Proven approach or just a fad?
The practice of digital tokenization has been around since the turn of the twenty-first century.
And before that, tokenization “technology” existed in the analog world in the form of gaming tokens and casino chips.
But it’s understandable why some might balk at the buzzword.
Business owners who stand to gain the most from tokenized payments generally don’t need to understand the ins and outs of payment data security — only that they’re outsourcing the responsibility for this tried and tested practice to agencies who do.
How do tokenized payments work?
When a customer enters their payment details, their PAN is securely captured by a payment services provider (PSP) — this typically happens via an integrated module on an e-retailer’s website.
The PSP then creates a token based on the PAN, which is securely transmitted to the credit issuer (usually a bank) so they can authorize the payment.
Why are tokenized payments more secure?
Within a tokenized payment process, fewer parties have access to the customer’s PAN, which significantly reduces the opportunities for data leakage and unauthorised access.
In fact, the only time it’s necessary to “expose” a PAN is when the customer enters their card details for the very first time.
Even then, exposure is greatly limited.
Only the PSP has access to this information and is qualified to keep it safe within their PCI-DSS compliant vault.
After that, customers have the option to save their payment method, allowing the token to be used for future transactions and eliminating the need to enter sensitive data a second time.
Would payment tokenization suit my business?
Performing your own payment processing comes with the responsibility to comply with the Payment Card Industry Data Security Standard (PCI-DSS), which can be laborious and costly for businesses who don’t have specialists on staff.
SMEs in the e-commerce space stand to realise massive cost savings through tokenization using a third party PSP, foregoing the ongoing costs associated with monitoring their data security and storage practices.

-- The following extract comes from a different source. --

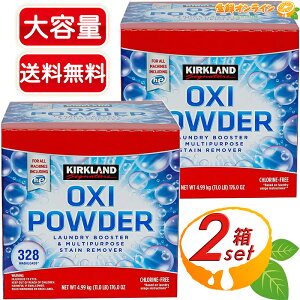 4.99kg×2ZbgyKIRKLANDzJ[Nh ILVpE_[ }`p[pXN[i[ e 328 Y _fn Y  |  L ILV N[i[ycostco RXgR RX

In addition, the ability to offer the convenience of future payments can increase conversion through smoother user experience and streamlined checkout process.
What next?
Payment tokenization is already commonplace among third-party payment providers, who’ve facilitated billions of secure online transactions since the inception of this practice.
And with Apple Pay, Samsung Pay and Google Pay already seeing impressive uptake in the last few years alone, we are certain to see more commercial applications of tokenized payments in the near future.